4: Wear some quality footwear. Yep, this is the one time of the year your over-sized camouflage cargos, tucked in polo, matching Callaway hat, brown belt and red sneakers is the perfect outfit for the day. If you can’t find a matching belt for your red sneakers, don’t worry – no-one cares. Comfort is everything.

5: Work out your hours of operation. Are you going to be here for the first ball struck and last putt sunk? Good luck, because it’s a long, long day (bring a chair) if you want to see everything. We can recommend gentleman’s hours – a nice breakfast, juice, second cup of coffee and making sure you get here by the time the players make the turn. That way you won’t miss the most thrilling part of the rounds as players try everything to get in front before the 18th.

Hideki Matsuyama looks to hole a putt on the fourth.
Hideki Matsuyama looks to hole a putt on the fourth.

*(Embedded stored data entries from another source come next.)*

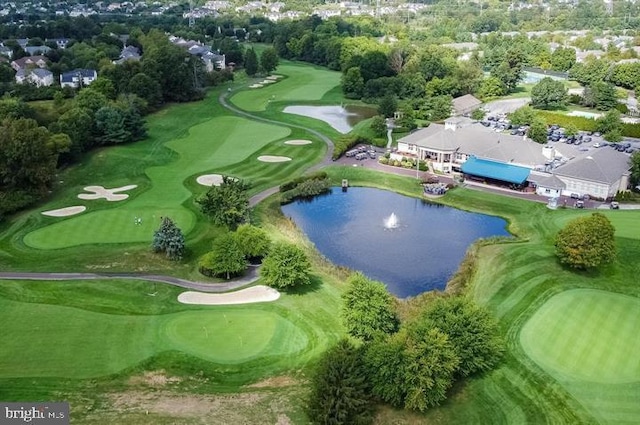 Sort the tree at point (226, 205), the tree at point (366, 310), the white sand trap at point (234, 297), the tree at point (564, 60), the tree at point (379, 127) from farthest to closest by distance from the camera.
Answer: the tree at point (564, 60)
the tree at point (379, 127)
the tree at point (226, 205)
the white sand trap at point (234, 297)
the tree at point (366, 310)

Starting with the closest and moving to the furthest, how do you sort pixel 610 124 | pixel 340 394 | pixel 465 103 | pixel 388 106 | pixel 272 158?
pixel 340 394 < pixel 272 158 < pixel 610 124 < pixel 388 106 < pixel 465 103

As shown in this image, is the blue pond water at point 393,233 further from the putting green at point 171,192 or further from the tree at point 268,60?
the tree at point 268,60

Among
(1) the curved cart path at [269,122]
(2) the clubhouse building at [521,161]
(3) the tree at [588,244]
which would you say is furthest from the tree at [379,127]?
(3) the tree at [588,244]

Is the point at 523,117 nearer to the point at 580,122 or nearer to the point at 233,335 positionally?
the point at 580,122

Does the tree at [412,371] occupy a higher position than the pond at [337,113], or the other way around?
the tree at [412,371]

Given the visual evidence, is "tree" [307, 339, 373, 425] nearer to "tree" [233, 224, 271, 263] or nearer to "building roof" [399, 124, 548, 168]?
"tree" [233, 224, 271, 263]

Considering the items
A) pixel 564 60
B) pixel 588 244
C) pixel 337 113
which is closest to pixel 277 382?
pixel 588 244

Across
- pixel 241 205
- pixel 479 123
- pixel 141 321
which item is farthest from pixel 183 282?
pixel 479 123

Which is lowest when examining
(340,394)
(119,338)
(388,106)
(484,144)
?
(119,338) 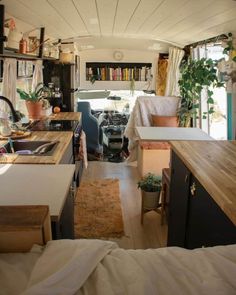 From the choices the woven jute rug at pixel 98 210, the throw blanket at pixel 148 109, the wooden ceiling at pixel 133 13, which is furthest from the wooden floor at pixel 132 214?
the wooden ceiling at pixel 133 13

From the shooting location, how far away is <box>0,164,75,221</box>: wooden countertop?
1333 millimetres

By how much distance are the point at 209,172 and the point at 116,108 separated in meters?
4.76

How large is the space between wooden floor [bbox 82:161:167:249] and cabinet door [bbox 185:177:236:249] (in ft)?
3.01

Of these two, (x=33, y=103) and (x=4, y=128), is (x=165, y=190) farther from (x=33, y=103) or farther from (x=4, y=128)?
(x=33, y=103)

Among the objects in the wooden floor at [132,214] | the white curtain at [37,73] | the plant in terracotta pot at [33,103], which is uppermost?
the white curtain at [37,73]

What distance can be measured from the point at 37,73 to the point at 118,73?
2.25 m

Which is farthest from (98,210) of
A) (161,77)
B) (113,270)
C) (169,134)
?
(161,77)

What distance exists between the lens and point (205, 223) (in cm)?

6: Also bring just a small backpack, not the 7kg fully-loaded behemoth you load into hand luggage. You need to travel light, so pick your ingredients with mobility in mind: sunscreen, sunglasses, course map, water bottle, your wallet (there’s plenty of awesome food here), some headache tablets (it’s dry work), some headache tablets (if you’re in a corporate box), your mobile phone (for emergencies like locating toilets) and that’s about it. Your bags will be checked, and you’ll need a pretty good excuse to get a large bag through checkpoints.

7: Last but not least, do your homework. Think strategically. These groups come through in waves, so the best thing to do is pick a spot on a hole ahead of all the groups and wait it out. Then you’ll see everyone play through, and you can pack up and jump ahead again. You’ll be thankful for that fold-up chair as well.